The repeated oscillation between autonomy and cooperation in the third movement also produces fundamental contrasts in texture. The ‘levelling-off’ processes performed in extremely high registers and on one note respectively with the individual iridescence in each part are performed on a horizontal plane. ‘All together again’: the sudden performance instruction brings an abrupt change into the vertical plane and the four parts interlock in swift semiquaver movement and press forward with a common velocity until the final descending swoop from the highest notes in triple forte at the end of the movement. Larcher has composed a written out ritardando with progressively longer note values in the individual parts: this is a literal decomposition of the music, sinking into cello glissandi.

The sleeplessness of the third movement is followed by – more sleeplessness in the directly ensuing “sleepless 2”. Certain parts of the compositional concept which could not be accommodated in the third movement find their place here: ostinato figures out of which velocity is produced and also the pairing off of instruments. The first violin and cello join together to perform an irregular dance and the inner two voices simultaneously play a sort of chorale as cantus firmus: one the one hand, a vexing surface and on the other hand a calm melodic progression – two levels which are then reversed in the instrumentation.

The superimposition of the parts in this fourth movement produces a type of bitonality which can be found in the works of such composers as Arthur Honegger or Darius Milhaud and also in jazz harmony. In Larcher’s music, an associative searching for tonal and harmonic connections can be observed which, contrarily to the serial aspect, do not in the least appear to be exhausted. Tonal elements are merely one ray of the contemporary “atonal” spectrum, and it is functionally oriented harmony and melody which play an essential part in Larcher’s musical language, forming an element of the musical technique with which he is preoccupied and a part of the material with which he is experimenting. Along the ensuing path, he ingenuously only pursues what is connected with himself and his musical history. The concert pianist Larcher, also invariably involved in the study of Classical and Romantic piano literature, increasingly displays this impulse in his compositional work. It appears that an A minor chord can fascinate him far more than any outlandish effect from the substantial catalogue of contemporary music.

The second movement is entitled “Honey from Anopolis”. Is this honey for the ears? – the impressions of a coastal stretch on the island of Crete to where Larcher retreated for the composition of the third string quartet had an indirect effect on the creation and also certain atmospheric characteristics of the work. The composer’s imagination was stimulated by the sound of the names of villages in this mythological corner of the world. As he himself related, he wandered from Finix to Anopolis where he bought honey and explored the surrounding area. He came across the name of Madhares and yellowed photos of a settlement situated above the steep cliff-line. Madhares became for the composer the vision of a past shrouded in mystery. A melodic music in C and the longing for an idealised string sound in an unreachable Schubertian mirage are conjured up in the second movement.

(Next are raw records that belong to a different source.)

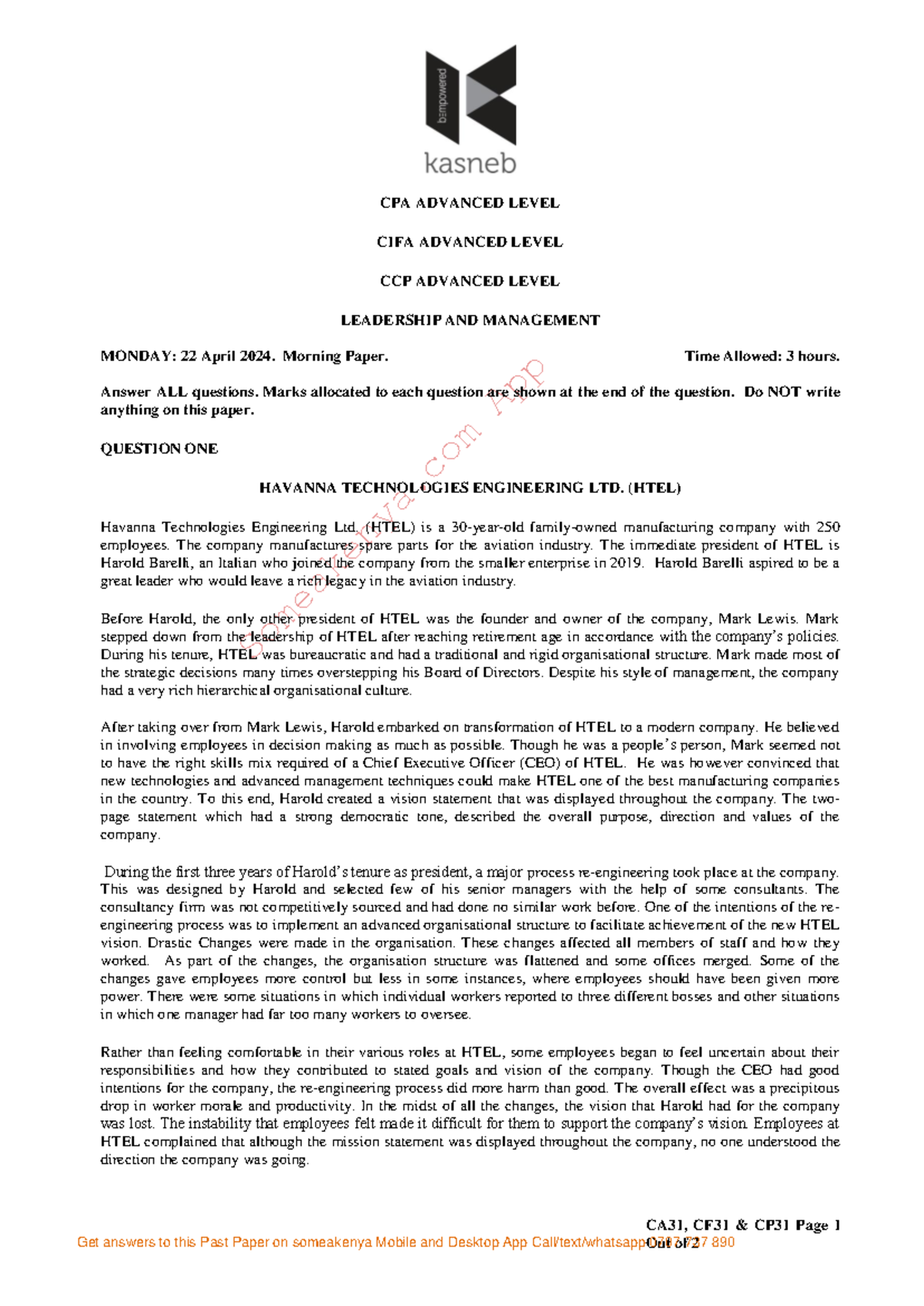 LM April 2024 - past exam - Someakenya App CA31, CF31 & CP31 Page 1 Out ...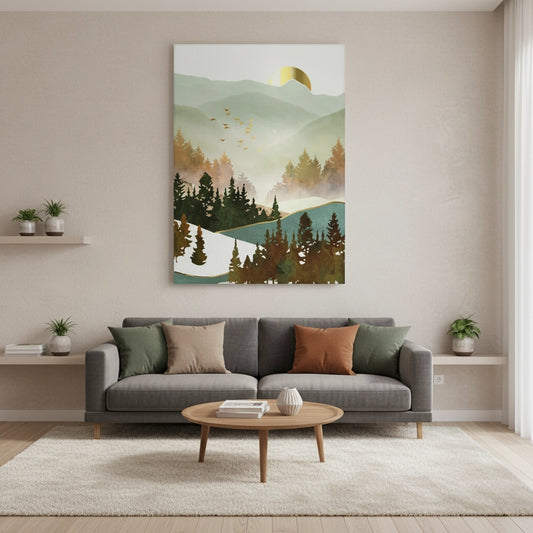 Misty Forest and Gold Sun - Canvas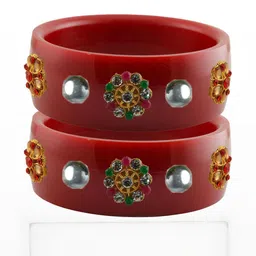 Vidhya Kangan Multi-Coloured Brass Bangles-image-39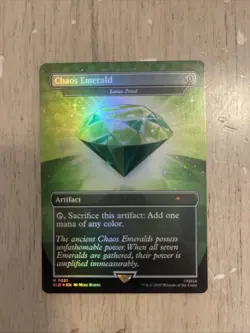 1x Chaos Emerald Green 7031 Foil Lotus Petal Sonic the Hedgehog Secret Lair MTG - Image 1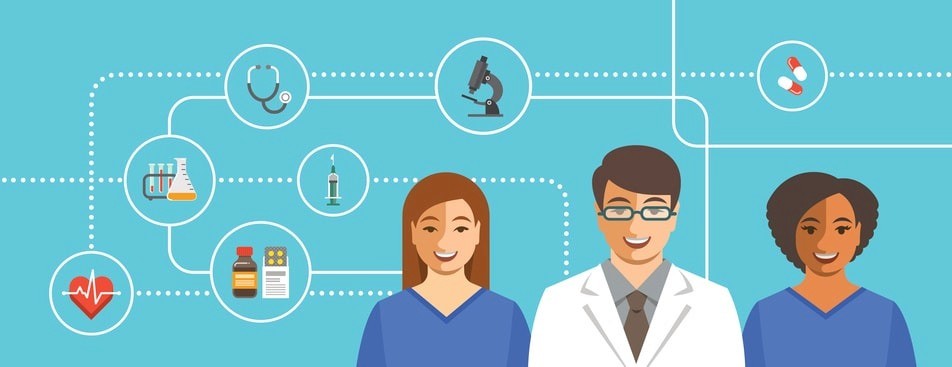 A group of medical technologists collaborating in a lab setting.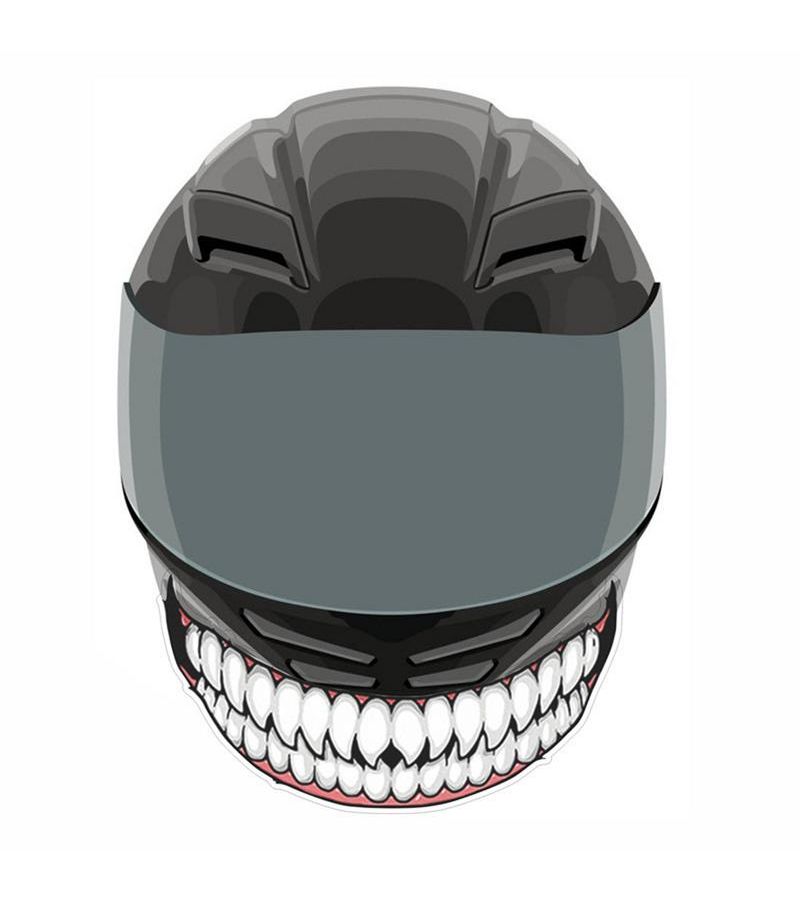 Motorcycle Helmet Decoration Sticker L Teeth DIY Self Adhesive Teeth Design - Image 3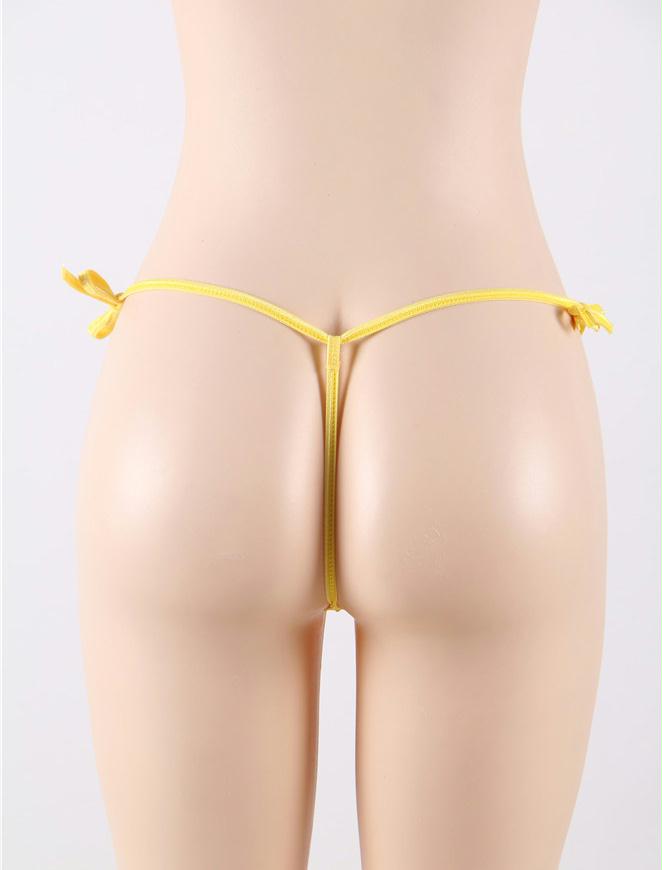 Yellow Sexy Crochless G-String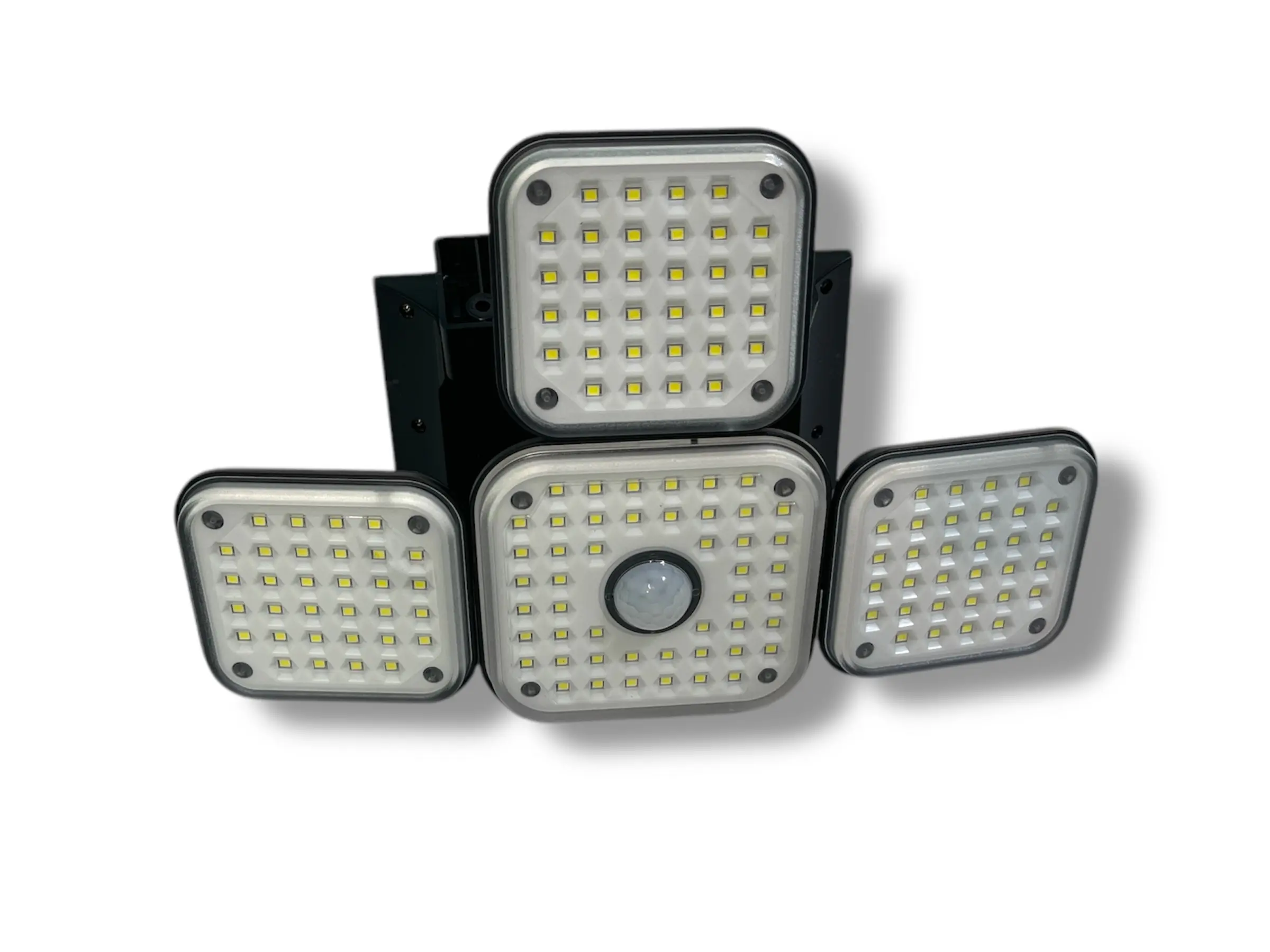 Lámpara solar 5 en 1 con sensor de movimiento, luz blanca, para exteriores.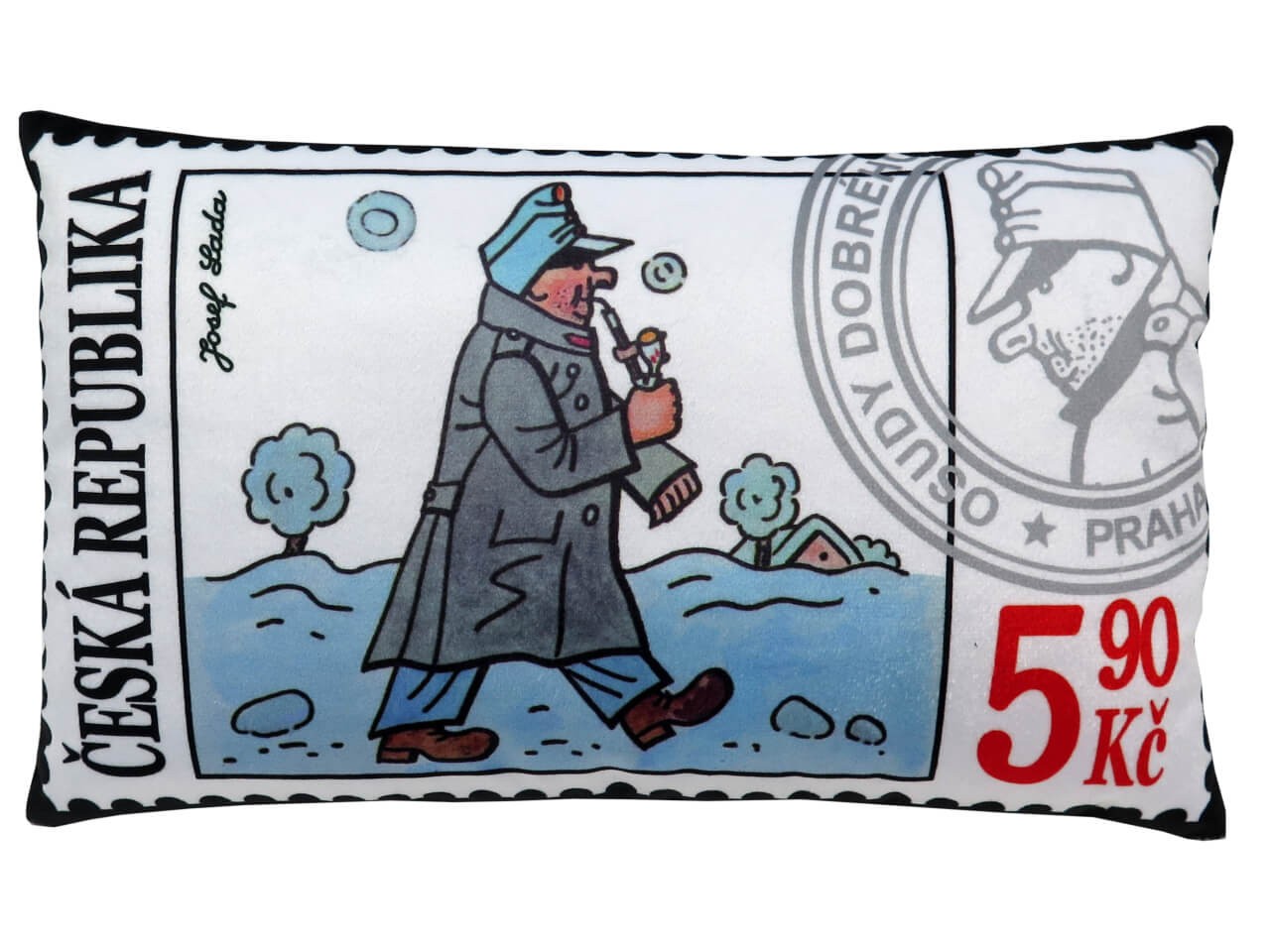 Kissen 30x18cm, Svejk im Winter, Briefmarke Kissen 30x18cm, Svejk im Winter, Briefmarke von munabo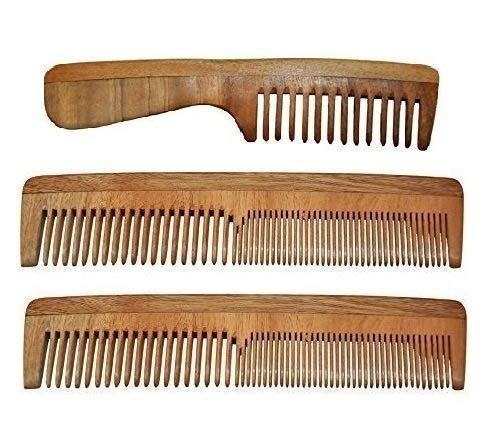 KAVIN Handmade Neem Wood Comb for Kids & Adults - Natural Hair Growth & Dandruff Control - Pack of 1 (M11) - Perfect for Daily Hair Care & Scalp Massage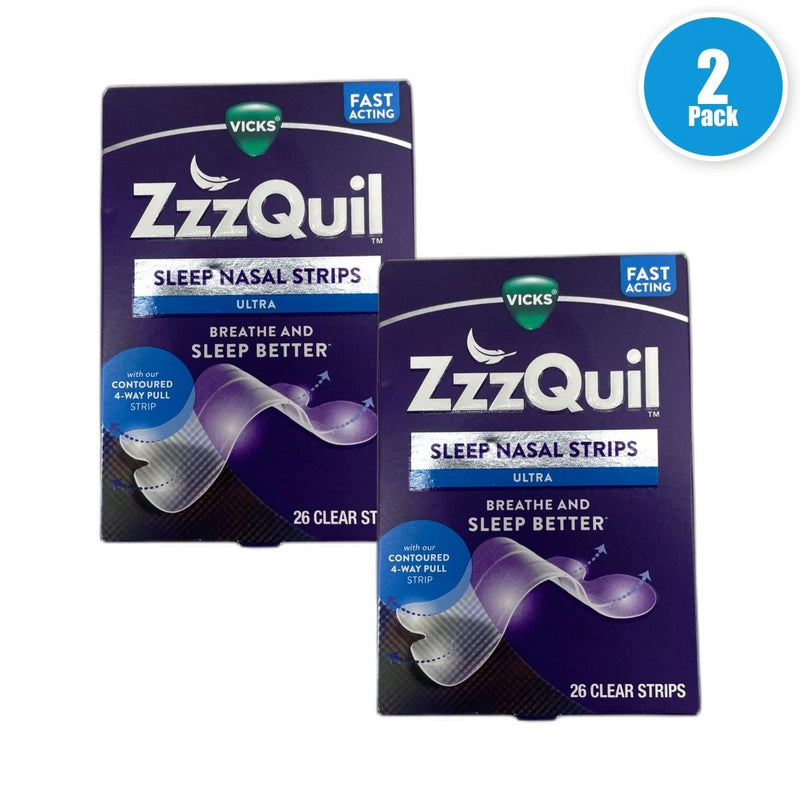 Vicks ZzzQuil Ultra Sleep Nasal Breathe 52 Total Exp 12/27 Pack of 2 New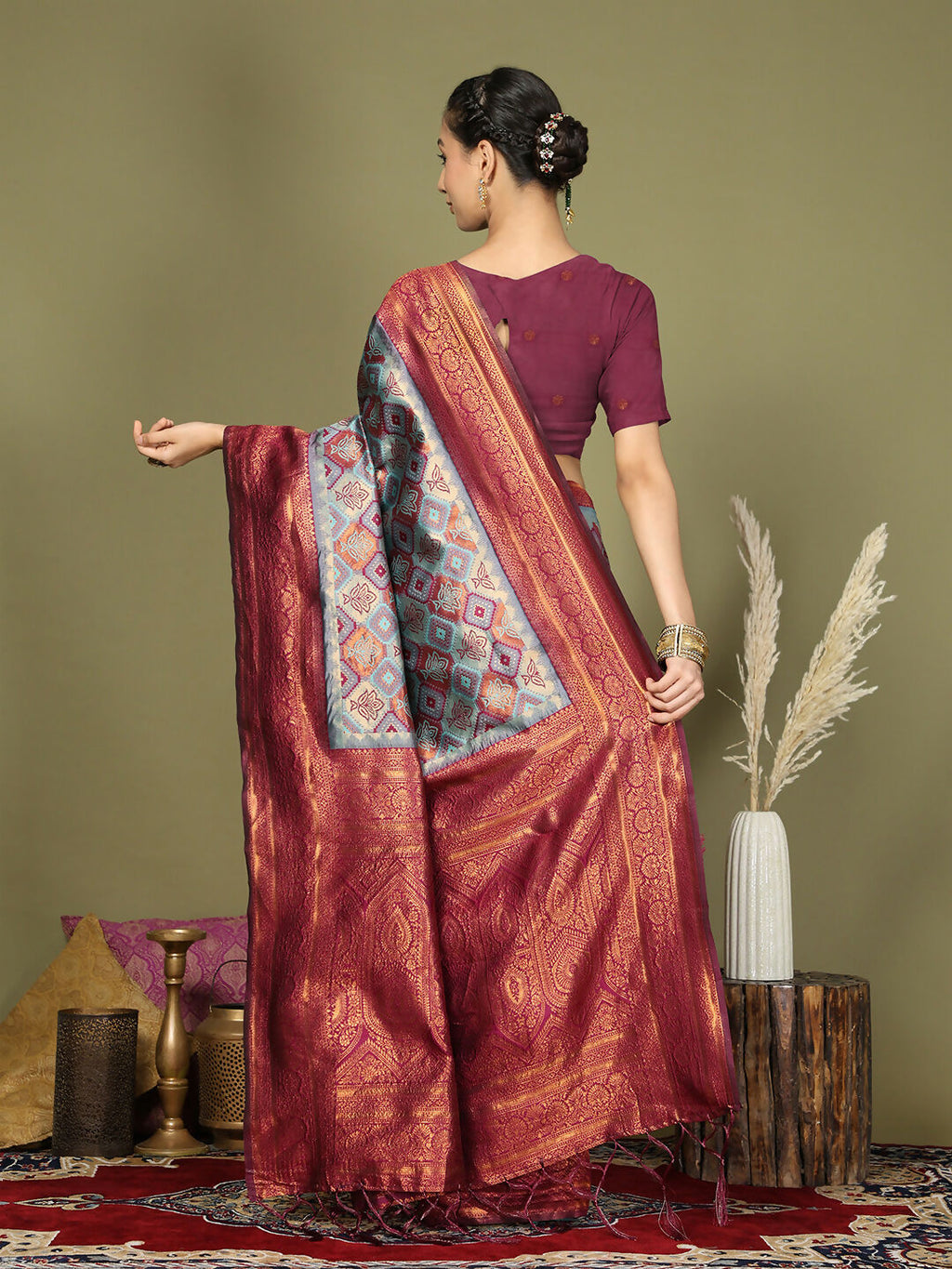 Teal Lichi Silk Saree with Purple Blouse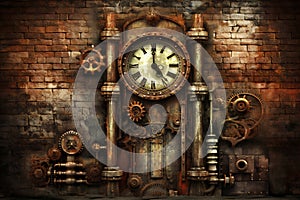 Retro clock mechanism steampunk style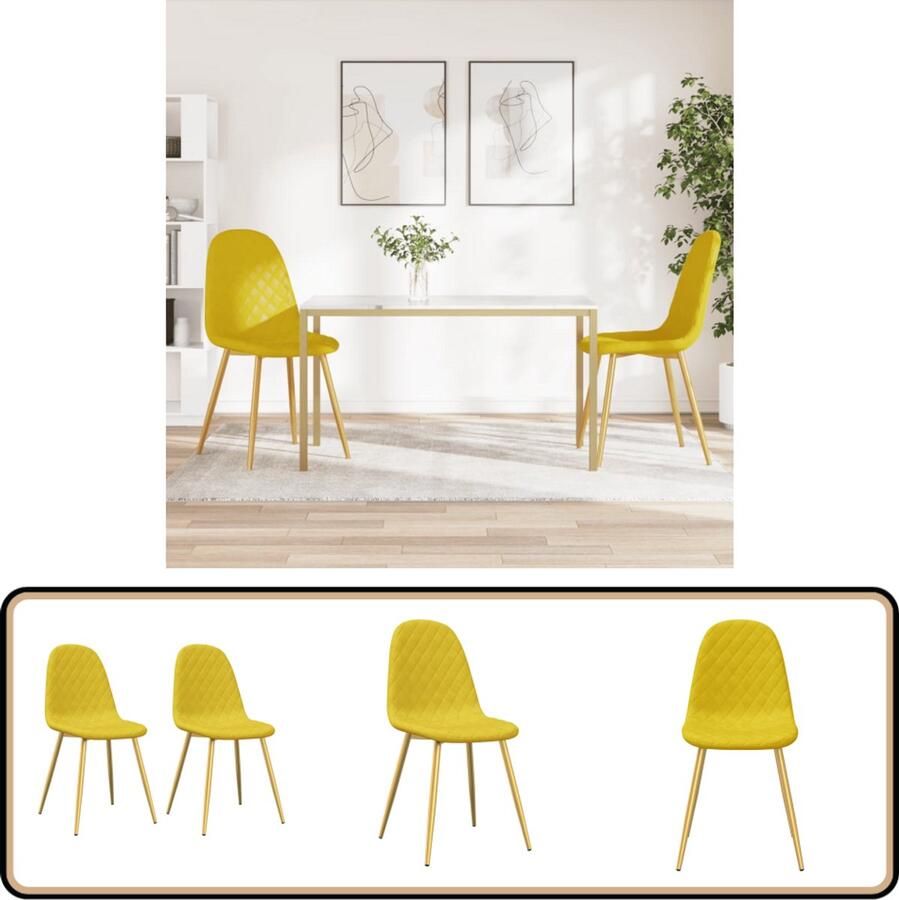VidaXL Eetkamerstoelen Set van 2 Mosterdgeel Fluweel Eetkamerstoel Stoel Fluweel Mustard Geel Moderne Stoel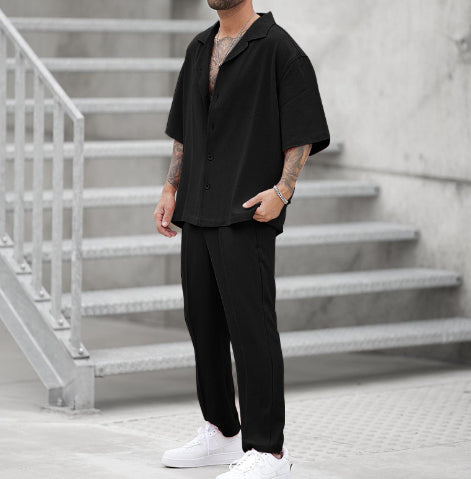 Men's Summer Two-Piece Set Shirt and Pants, Woven, Lightweight, Solid Color, Matching Outfit, Various Sizes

The tonal path of the 3rd String Quartet crosses another path leading in the direction of atonality, abstraction and sound. Larcher is on the search for disparate elements which he amalgamates in his forms. The extreme velocity of the music in the third and fourth movements finally flows into the Urklang, the original innate sound – the tremolo produced by the coin on the strings. Within this sound, velocity and rhythmical extremes disappear, but the tension is retained in the tonal field of the fifth and final movement. The violins come to the foreground with a simple melody, a utopian folksong containing purely ‘white notes’ without accidentals: “a song from?”. The pure melody dissolves before it can provide the answer.